Tension rippled through the Stormguard, one soldier’s hand twitching toward the hilt of his blade before Kastor stilled him with a sharp gesture. The hall tightened around us, stillness settling like dust.
Veylan stepped forward, not with aggression or threat, but with quiet deliberation. Water dripped from the hem of his mantle in slow, measured taps, each one impossibly loud in the charged quiet.
“The storm didn’t shift on its own,” he said. “Something interfered with the pattern that has held for centuries. A binding loosened. A current realigned.”
His eyes never left mine.
“Dawnbreak felt it,” he continued softly. “Not a storm’s whim. Not the work of wind or sky.”
He let the silence stretch between us.
“A signature.”
My pulse kicked, hard and sudden.
“Shadow entwined with stormlight,” he said, a whisper, almost reverent. “A combination lost since before the Sundering. A sign none of our records believed would return.”
The breath I drew felt thin, strained, he wasn’t talking about the keep, he wasn’t talking about the castle’s foundations. He was talking about the moment Atlas, and I had stood together by the source beneath the stone.
He was talking about us.
Veylan stopped several paces away, the Dawnbreak soldiers behind him rigid with unease.
“We followed the break,” he said.
“And it led to you.”
The stormcurrent deep below pulsed faintly, only once, a subtle vibration underfoot that might’ve been my own heartbeat if I didn’t know better. Atlas shifted beside me, tension coiling through his stance, but Veylan didn’t look at him.
He looked only at me.
High Priest Veylan stood so still he might have been carved from the same pale stone beneath our feet. There was no aggression in his posture, no raised voice, no overt threat. Somehow, that made the moment far more unsettling. Dawnbreak didn’t need to brandish weapons. Their confidence was its own blade.
When he spoke again, the softness in his voice felt rehearsed, like someone spreading linen over a table before performing a dissection.

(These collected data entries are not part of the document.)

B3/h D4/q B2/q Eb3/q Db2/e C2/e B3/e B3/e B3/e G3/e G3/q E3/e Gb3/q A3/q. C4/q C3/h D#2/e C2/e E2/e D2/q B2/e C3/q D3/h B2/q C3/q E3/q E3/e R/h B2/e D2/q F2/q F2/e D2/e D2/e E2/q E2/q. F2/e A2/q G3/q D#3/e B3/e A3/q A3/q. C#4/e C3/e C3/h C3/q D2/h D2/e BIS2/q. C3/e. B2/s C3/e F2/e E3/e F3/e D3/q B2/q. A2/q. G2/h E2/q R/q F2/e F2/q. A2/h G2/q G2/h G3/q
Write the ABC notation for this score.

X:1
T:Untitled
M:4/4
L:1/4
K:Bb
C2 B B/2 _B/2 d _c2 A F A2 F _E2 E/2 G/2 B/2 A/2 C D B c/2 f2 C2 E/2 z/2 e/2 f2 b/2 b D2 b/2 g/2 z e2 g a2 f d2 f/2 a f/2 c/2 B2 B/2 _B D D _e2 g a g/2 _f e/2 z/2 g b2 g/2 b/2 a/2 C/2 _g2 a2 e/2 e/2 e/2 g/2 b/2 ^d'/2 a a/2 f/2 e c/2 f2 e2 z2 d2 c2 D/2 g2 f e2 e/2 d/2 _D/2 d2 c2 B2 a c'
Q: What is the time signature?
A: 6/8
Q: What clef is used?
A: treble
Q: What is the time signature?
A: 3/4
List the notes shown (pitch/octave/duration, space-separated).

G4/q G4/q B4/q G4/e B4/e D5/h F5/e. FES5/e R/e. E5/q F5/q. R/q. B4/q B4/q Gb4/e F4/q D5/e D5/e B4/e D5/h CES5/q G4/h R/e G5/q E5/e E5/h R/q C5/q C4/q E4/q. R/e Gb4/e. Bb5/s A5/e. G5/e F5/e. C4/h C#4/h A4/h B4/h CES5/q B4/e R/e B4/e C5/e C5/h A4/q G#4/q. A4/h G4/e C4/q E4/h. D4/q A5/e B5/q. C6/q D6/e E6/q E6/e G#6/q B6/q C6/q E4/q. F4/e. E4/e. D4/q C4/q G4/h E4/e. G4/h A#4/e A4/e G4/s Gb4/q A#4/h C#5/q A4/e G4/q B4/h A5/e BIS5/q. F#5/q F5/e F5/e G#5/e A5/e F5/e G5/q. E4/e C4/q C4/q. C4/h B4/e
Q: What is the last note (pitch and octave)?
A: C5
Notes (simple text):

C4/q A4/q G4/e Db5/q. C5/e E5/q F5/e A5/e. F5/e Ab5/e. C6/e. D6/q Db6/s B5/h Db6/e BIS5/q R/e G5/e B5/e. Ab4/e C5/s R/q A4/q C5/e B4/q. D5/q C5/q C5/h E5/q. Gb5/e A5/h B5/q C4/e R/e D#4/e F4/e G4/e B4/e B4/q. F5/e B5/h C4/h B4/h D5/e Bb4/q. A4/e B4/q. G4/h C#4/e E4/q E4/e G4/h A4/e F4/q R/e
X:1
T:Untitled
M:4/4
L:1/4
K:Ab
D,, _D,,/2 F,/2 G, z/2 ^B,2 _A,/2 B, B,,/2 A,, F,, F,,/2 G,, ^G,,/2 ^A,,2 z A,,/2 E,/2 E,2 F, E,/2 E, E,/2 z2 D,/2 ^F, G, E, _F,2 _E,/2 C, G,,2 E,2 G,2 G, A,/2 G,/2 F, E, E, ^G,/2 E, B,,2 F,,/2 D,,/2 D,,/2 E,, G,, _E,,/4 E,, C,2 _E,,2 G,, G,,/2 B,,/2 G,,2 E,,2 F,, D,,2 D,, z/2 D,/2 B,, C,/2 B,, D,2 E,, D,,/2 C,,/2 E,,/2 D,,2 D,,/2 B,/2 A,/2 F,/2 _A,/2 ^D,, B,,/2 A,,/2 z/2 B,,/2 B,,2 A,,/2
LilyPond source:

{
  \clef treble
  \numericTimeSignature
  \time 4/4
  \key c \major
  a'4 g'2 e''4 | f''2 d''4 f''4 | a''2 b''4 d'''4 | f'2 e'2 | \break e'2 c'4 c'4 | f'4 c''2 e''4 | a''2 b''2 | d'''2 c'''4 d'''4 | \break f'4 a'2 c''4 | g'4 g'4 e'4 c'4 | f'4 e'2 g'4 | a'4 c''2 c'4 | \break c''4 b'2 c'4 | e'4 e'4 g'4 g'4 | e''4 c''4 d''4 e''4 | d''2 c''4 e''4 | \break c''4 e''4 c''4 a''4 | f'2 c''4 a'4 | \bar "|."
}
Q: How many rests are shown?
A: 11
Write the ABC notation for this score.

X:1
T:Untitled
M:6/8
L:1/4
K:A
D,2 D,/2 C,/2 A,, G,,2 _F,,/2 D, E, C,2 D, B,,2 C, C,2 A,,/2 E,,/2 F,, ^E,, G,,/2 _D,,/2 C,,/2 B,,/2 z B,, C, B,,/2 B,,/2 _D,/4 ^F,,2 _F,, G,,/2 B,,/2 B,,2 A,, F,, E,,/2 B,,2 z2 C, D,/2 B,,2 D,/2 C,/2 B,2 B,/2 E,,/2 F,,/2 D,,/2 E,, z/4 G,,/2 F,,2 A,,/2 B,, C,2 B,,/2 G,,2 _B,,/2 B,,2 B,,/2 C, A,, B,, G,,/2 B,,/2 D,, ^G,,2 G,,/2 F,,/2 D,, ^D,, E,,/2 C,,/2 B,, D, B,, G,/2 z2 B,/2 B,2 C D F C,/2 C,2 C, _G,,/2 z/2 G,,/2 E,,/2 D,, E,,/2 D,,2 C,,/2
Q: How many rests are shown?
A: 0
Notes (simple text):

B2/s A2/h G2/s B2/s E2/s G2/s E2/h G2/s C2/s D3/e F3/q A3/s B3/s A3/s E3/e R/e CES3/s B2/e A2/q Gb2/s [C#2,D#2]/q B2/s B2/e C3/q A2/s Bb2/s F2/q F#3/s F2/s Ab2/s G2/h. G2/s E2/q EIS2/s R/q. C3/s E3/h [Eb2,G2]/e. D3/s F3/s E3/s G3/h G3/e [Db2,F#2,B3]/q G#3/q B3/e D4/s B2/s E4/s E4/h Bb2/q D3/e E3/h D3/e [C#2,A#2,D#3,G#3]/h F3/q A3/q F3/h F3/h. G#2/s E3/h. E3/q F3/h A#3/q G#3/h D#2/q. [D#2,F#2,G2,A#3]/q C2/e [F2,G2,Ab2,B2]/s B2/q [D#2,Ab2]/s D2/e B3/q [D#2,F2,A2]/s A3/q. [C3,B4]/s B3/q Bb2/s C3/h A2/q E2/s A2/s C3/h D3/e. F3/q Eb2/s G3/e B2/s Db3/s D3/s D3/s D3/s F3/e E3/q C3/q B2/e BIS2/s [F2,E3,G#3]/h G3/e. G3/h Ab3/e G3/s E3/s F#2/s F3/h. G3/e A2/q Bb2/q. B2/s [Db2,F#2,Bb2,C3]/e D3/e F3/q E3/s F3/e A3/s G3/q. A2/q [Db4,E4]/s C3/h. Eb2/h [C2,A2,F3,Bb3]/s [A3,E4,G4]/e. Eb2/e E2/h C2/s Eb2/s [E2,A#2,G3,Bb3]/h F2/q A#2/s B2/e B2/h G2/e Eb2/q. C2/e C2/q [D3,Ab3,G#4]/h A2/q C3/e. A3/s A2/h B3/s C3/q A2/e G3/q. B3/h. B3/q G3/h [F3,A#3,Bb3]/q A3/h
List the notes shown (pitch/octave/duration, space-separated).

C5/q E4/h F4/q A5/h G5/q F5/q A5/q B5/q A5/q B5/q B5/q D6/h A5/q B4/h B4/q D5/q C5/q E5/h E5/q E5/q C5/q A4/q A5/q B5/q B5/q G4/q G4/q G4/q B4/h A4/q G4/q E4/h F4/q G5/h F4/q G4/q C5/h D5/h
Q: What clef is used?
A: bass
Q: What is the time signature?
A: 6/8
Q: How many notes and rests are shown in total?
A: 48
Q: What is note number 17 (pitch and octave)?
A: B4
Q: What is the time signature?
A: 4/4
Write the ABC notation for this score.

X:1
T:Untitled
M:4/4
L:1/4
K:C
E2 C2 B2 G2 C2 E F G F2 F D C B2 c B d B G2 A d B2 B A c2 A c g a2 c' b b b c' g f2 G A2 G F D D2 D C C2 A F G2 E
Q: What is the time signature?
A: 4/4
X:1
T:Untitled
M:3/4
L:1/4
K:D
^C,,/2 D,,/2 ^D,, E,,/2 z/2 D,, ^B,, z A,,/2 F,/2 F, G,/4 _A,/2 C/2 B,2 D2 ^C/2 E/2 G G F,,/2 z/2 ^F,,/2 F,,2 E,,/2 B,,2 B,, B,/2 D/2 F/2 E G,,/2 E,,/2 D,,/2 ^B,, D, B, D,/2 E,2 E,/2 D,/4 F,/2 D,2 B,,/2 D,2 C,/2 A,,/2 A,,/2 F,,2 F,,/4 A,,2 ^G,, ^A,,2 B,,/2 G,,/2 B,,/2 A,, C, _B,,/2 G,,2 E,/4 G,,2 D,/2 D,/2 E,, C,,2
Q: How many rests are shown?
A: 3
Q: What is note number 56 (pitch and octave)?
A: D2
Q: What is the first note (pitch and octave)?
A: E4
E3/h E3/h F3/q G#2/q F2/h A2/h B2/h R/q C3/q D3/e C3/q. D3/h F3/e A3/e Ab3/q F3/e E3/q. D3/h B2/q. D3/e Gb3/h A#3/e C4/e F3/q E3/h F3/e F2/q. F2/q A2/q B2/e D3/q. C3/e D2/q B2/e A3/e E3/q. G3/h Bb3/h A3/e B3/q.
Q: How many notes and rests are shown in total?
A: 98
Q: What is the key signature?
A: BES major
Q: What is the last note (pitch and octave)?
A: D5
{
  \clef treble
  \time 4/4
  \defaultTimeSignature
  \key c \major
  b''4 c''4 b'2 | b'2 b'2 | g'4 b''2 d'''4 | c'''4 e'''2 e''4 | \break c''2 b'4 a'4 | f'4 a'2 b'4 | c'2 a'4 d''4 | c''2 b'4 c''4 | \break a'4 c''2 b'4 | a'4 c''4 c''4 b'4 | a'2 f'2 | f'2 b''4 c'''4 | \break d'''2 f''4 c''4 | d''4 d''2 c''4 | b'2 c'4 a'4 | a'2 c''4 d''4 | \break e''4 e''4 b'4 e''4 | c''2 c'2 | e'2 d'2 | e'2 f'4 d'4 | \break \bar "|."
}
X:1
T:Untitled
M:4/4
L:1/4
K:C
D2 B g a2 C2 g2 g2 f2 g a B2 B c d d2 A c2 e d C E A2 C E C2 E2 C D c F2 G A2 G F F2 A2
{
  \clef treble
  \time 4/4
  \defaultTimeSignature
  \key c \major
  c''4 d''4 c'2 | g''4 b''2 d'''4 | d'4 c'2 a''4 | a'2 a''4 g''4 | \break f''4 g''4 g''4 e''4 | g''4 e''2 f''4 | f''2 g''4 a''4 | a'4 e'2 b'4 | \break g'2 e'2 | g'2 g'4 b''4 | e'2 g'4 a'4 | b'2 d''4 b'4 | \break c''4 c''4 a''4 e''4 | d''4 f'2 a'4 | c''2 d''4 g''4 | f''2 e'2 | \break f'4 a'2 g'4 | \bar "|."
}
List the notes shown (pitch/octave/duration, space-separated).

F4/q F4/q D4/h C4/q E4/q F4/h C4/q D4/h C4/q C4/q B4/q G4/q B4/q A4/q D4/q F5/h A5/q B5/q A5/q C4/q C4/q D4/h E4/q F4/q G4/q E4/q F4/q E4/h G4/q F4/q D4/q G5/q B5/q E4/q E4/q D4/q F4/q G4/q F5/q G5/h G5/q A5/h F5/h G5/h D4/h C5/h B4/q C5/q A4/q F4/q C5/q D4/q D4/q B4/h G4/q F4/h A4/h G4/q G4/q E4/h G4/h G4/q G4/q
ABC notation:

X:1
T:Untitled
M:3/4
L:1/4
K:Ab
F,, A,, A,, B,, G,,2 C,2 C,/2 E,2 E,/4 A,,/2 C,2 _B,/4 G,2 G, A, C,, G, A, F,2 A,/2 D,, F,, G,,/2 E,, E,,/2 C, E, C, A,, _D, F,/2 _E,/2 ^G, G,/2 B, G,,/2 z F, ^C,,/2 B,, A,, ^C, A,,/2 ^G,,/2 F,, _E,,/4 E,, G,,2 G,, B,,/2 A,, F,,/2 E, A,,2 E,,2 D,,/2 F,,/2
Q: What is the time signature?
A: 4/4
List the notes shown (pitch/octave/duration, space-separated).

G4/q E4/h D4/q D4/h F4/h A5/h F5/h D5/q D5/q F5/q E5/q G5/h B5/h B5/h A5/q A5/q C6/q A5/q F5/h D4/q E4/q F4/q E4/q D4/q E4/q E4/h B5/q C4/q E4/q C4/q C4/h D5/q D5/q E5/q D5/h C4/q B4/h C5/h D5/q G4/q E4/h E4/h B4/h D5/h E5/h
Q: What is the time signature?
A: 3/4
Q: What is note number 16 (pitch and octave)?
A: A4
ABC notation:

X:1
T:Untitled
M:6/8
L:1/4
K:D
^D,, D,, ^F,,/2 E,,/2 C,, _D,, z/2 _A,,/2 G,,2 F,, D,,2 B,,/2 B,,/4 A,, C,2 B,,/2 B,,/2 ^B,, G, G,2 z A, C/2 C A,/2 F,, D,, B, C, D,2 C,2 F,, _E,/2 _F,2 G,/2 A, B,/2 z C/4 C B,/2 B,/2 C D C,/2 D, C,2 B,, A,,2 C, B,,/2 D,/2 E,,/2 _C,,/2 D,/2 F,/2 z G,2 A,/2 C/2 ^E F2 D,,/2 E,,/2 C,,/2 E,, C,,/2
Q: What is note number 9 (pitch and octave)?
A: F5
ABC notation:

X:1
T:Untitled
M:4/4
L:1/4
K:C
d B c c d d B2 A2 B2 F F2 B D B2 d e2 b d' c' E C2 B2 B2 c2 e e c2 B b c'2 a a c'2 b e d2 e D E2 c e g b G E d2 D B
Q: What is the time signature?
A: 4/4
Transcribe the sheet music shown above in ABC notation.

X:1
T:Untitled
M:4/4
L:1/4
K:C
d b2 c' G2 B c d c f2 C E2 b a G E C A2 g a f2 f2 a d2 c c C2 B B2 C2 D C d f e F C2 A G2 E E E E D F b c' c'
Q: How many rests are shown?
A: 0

“May I ask,” he said, “what you felt when the bindings shifted?”
The question struck with the subtlety of a hammer. Atlas’s head snapped toward him. Kastor stiffened, the tension in his jaw visible even from where I stood. Maren’s breath caught behind me.
But Veylan didn’t look at any of them.
Only at me.
There was no pity in his expression.
No fear.
Only certainty, like he already knew the answer and was waiting to see if I would lie.
I steadied my voice. “Why would you think I felt anything?”
His lips curved, not into a smile, but something quieter. Sharper.
“Because the storm favors you,” he said. “It is… evident.”
A chill ran the length of my spine.
He pressed on gently, as if coaxing a confession. “It is rare for the storm to mark more than one individual at a time. Rarer still for it to echo so deeply through the wardlines.” His head tilted slightly. “This kind of resonance… it does not come from accident.”